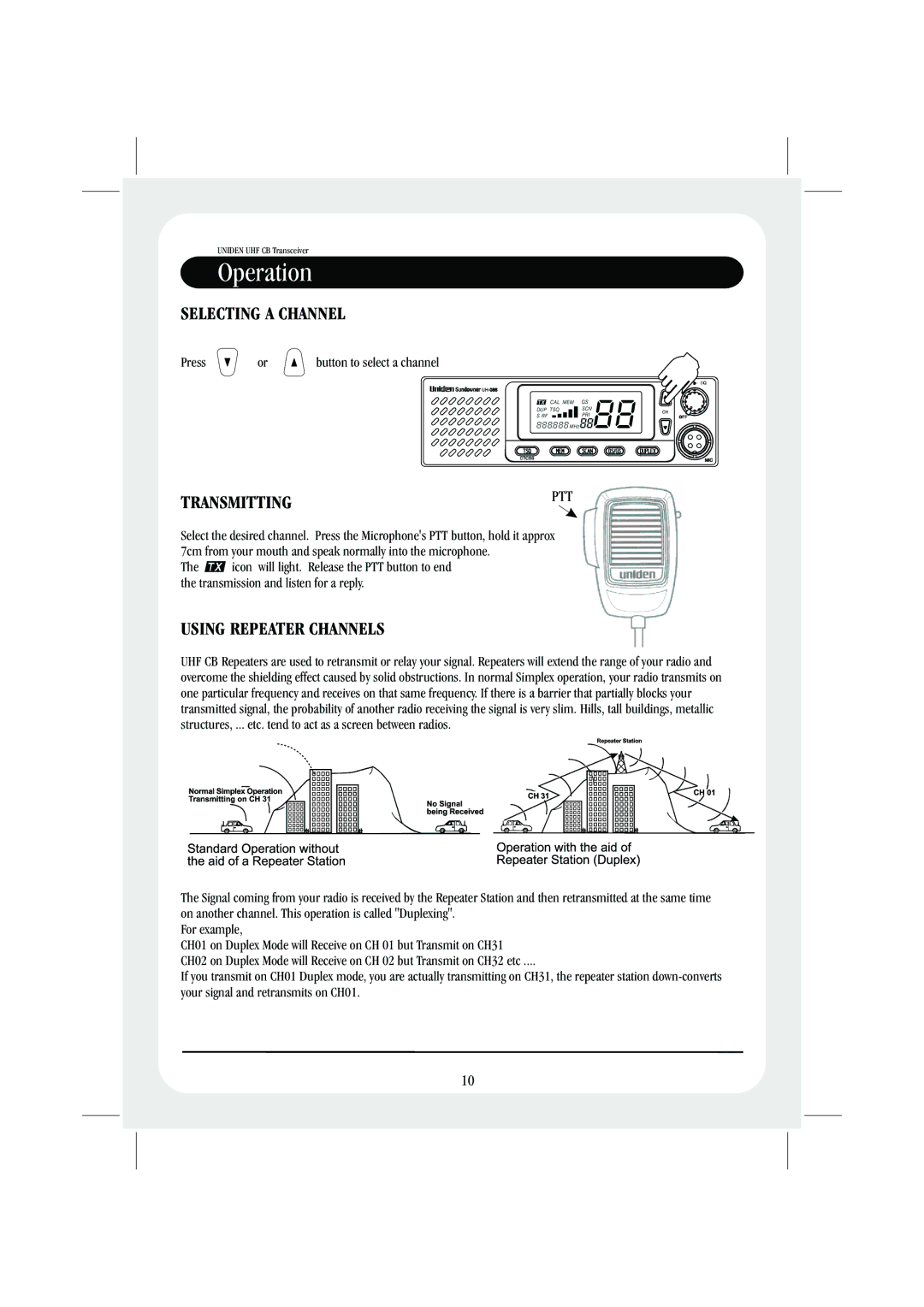 Uniden UH088sx manual Selecting a Channel 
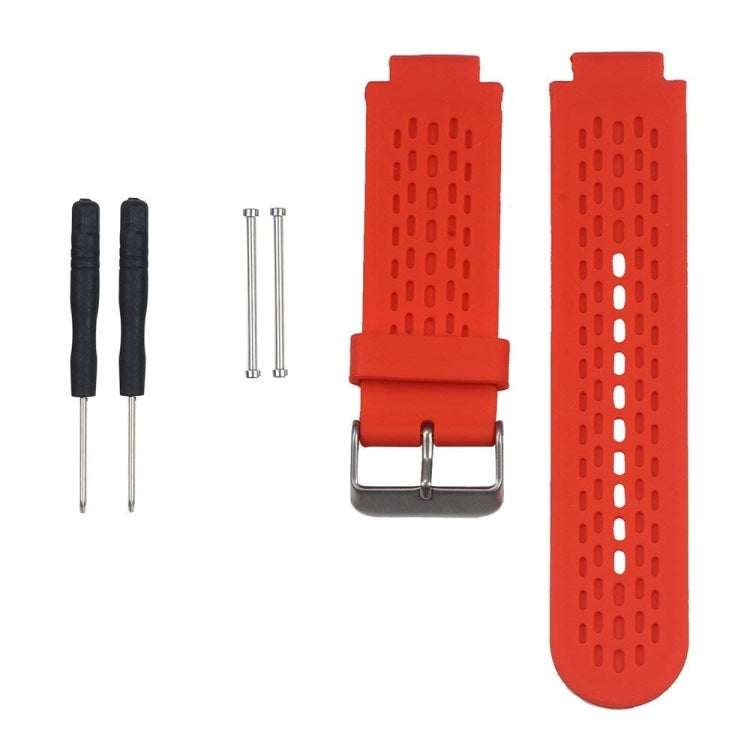 Red silicone sport watch band with perforated strap holes and metal buckle.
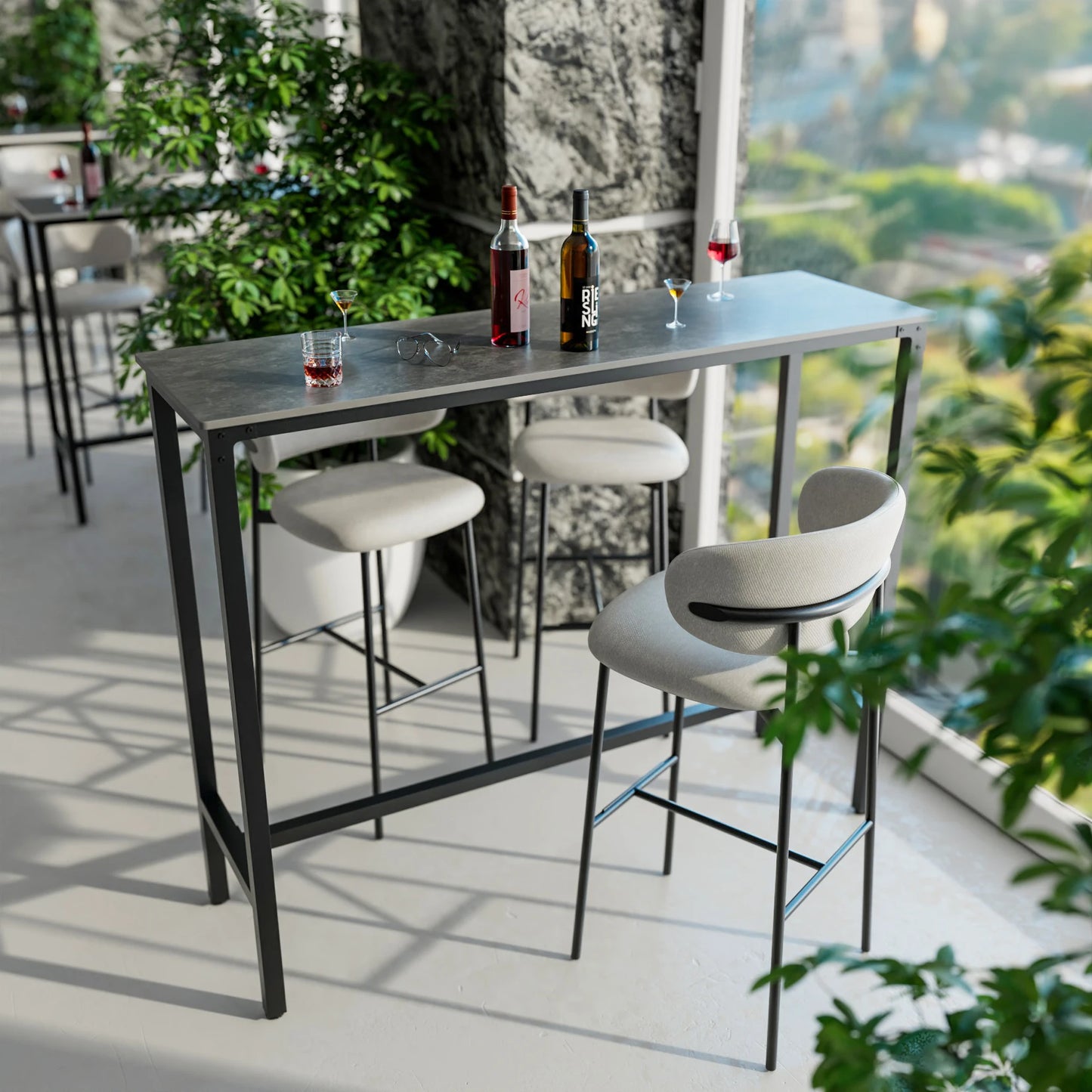 Wisfor Sintered Stone Counter Height Dining Table With Metal Frame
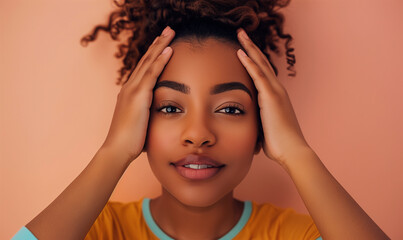 Fototapeta premium African American Black Woman Holding Hands on Forehead in Studio Setting Expressing Emotional Distress and Discomfort.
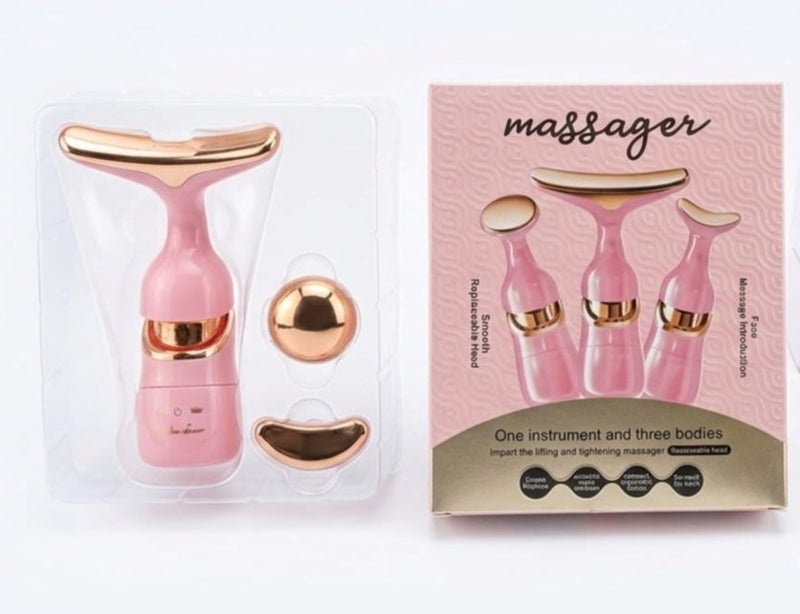 High-Frequency 3-in-1 Vibrating Massager – Face, Neck & Eye Care Device with 3 Interchangeable Heads - Image 1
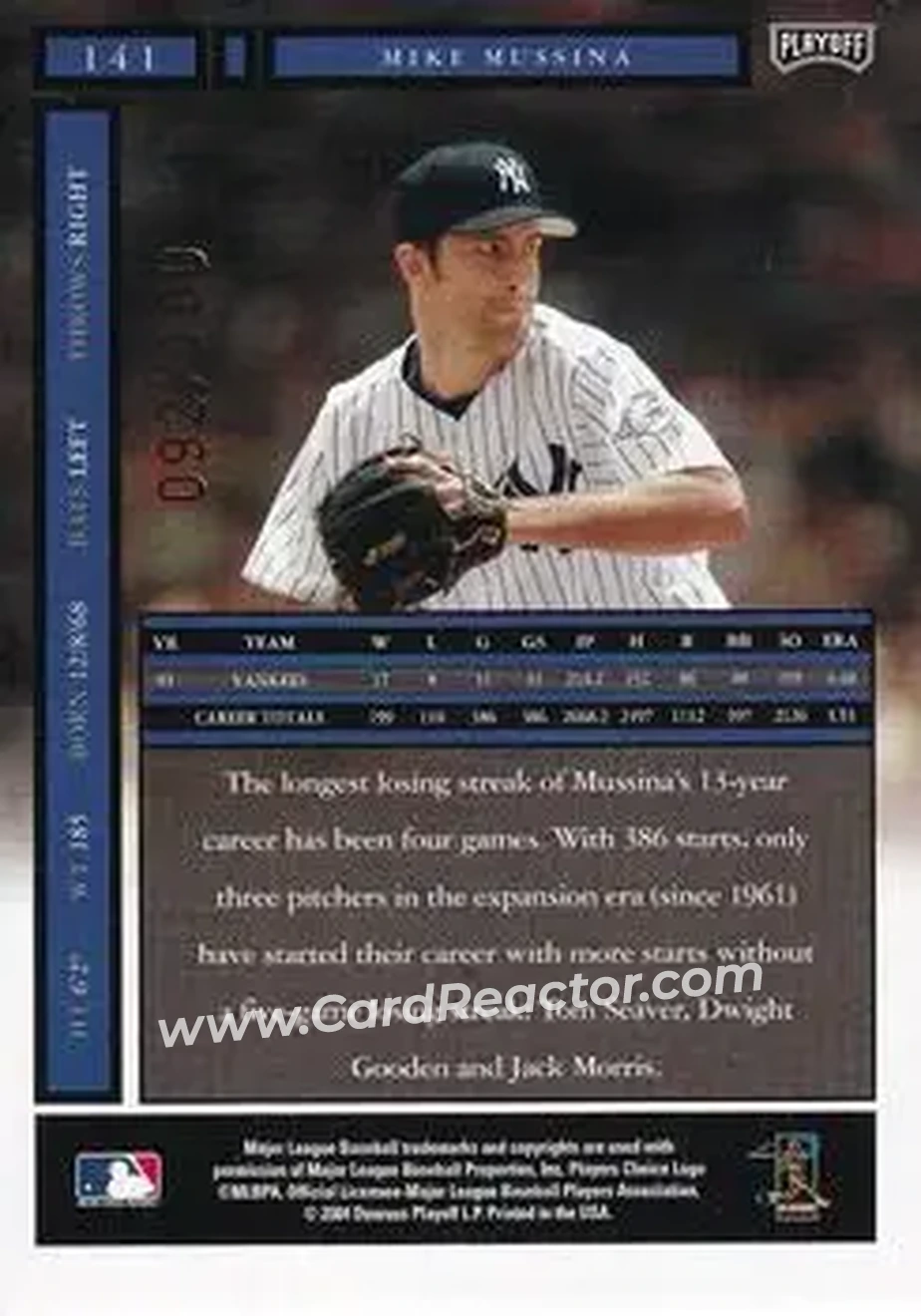 2004 Playoff Honors - Credits Bronze #141 - Mike Mussina - New York Yankees - Back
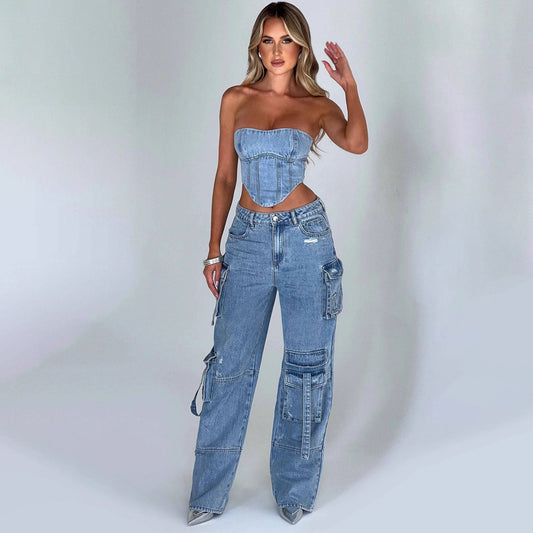 Sarah – Pantalon en denim taille basse avec coutures décoratives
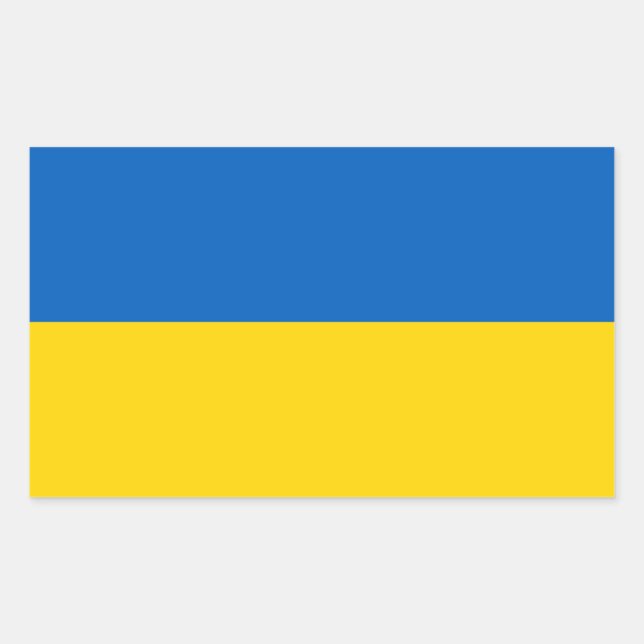 ukrainische Flagge Rechteckiger Aufkleber (Vorderseite)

——

ACTIVITY:
Copy the lines from the line that contains "Red silicone sport" through the end of the records, exactly and with nothing added; leave the pictures out.

COMPLETED TASK:
 Red silicone sport watch band with perforated strap holes and metal buckle.
 Wisfor Sintered Stone Counter Height Dining Table With Metal Frame
 Fototapeta premium African American Black Woman Holding Hands on Forehead in Studio Setting Expressing Emotional Distress and Discomfort.
 High-Frequency 3-in-1 Vibrating Massager – Face, Neck & Eye Care Device with 3 Interchangeable Heads - Image 1
 2004 Playoff Honors - Credits Bronze #141 - Mike Mussina - New York Yankees - Back
 Sarah – Pantalon en denim taille basse avec coutures décoratives
 ukrainische Flagge Rechteckiger Aufkleber (Vorderseite)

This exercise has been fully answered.